Task to complete
From the entries, return every line where the string "Lane" shows up.

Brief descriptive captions
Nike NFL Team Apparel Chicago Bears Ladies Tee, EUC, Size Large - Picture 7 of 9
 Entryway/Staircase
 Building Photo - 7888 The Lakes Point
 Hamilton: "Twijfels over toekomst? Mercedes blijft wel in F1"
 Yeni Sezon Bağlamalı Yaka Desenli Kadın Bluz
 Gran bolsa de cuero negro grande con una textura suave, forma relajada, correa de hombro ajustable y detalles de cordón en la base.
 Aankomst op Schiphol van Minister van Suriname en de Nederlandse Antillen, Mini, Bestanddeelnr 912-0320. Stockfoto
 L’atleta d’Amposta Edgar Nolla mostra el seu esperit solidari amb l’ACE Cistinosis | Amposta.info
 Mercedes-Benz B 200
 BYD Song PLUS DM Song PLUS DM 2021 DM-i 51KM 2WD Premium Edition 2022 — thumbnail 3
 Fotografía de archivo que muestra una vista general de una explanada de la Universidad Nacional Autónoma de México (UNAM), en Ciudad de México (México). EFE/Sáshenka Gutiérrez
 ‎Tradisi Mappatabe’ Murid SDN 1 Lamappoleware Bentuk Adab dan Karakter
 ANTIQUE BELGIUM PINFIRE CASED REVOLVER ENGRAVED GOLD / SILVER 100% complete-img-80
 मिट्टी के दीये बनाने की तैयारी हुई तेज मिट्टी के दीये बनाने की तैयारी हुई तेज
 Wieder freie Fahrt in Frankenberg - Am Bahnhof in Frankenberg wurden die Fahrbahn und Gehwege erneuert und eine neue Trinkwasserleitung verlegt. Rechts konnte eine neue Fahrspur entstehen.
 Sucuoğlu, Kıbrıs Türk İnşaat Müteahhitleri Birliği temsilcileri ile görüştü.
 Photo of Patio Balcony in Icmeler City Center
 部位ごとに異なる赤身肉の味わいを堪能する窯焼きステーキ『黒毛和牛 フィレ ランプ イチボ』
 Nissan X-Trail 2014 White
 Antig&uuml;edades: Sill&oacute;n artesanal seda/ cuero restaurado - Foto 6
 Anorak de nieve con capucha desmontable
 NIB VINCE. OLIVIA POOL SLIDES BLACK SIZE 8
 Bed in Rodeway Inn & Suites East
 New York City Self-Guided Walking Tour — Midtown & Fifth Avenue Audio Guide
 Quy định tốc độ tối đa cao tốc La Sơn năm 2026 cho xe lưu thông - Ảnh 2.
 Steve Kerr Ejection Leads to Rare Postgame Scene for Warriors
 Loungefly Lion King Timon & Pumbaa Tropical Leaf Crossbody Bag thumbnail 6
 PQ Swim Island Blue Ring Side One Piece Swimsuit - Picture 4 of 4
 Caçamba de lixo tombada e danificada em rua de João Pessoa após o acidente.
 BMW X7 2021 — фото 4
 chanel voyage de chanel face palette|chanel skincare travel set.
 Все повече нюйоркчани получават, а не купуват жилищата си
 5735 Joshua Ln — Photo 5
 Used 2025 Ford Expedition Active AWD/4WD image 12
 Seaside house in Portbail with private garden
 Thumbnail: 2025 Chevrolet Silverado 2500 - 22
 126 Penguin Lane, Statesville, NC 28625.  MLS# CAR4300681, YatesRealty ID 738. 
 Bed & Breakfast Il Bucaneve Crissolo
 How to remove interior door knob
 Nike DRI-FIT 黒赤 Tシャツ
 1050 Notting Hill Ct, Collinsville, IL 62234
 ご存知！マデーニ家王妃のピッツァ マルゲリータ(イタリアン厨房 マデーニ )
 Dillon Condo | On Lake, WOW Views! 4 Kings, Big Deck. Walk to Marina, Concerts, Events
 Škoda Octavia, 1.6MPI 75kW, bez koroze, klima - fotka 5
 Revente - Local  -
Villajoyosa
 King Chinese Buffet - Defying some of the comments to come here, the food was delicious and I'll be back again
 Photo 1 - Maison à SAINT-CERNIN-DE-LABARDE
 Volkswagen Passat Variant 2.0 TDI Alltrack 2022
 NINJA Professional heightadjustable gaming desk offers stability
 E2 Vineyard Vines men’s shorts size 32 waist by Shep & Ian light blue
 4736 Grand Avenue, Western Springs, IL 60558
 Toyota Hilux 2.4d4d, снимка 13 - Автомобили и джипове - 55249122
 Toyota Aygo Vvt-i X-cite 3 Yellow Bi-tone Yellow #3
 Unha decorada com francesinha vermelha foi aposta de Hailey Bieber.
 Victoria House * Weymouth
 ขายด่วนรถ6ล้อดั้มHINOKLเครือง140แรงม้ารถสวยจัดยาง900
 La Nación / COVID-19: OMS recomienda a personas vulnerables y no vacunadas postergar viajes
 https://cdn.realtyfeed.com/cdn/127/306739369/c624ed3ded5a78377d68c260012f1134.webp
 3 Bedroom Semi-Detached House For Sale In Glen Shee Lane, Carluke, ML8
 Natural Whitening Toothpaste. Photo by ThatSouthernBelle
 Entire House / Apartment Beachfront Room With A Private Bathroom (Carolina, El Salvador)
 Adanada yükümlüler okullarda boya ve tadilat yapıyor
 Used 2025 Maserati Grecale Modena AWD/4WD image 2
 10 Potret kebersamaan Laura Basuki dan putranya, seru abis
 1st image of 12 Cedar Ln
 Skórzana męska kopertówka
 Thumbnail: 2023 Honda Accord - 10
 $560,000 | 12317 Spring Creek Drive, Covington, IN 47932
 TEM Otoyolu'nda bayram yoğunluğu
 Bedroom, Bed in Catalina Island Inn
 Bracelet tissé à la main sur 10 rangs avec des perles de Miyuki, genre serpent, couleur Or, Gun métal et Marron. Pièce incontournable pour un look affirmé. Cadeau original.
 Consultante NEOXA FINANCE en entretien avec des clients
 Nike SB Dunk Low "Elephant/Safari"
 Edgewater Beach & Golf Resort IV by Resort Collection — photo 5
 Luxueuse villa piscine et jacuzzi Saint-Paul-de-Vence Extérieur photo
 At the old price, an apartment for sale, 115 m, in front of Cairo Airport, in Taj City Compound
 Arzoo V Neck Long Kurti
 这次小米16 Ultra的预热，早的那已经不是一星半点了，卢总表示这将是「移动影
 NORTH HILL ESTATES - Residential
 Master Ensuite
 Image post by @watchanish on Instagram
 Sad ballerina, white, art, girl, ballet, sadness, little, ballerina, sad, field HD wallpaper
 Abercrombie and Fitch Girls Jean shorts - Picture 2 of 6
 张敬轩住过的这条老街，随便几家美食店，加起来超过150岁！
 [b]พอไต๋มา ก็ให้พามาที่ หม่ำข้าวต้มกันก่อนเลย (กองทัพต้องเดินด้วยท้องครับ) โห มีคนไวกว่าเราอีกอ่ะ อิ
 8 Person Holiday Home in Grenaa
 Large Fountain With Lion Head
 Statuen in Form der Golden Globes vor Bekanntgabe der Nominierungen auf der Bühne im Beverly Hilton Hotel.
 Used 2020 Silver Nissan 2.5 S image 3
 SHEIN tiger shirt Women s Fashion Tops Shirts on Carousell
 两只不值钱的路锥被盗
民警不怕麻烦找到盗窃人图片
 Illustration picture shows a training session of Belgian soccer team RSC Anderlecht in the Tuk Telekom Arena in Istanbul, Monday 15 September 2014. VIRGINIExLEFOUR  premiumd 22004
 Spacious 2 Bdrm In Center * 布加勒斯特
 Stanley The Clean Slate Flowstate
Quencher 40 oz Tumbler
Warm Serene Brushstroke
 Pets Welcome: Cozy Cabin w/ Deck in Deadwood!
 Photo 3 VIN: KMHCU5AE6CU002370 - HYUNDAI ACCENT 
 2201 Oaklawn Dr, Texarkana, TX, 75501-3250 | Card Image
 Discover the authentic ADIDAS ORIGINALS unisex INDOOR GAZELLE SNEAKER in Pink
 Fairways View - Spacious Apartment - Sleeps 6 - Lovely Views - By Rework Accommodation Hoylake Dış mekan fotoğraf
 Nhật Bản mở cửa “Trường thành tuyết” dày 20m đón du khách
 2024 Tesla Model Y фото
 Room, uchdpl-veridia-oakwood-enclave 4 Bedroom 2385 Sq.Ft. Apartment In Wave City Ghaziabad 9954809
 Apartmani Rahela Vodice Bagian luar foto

Expected output
 126 Penguin Lane, Statesville, NC 28625.  MLS# CAR4300681, YatesRealty ID 738. 
 3 Bedroom Semi-Detached House For Sale In Glen Shee Lane, Carluke, ML8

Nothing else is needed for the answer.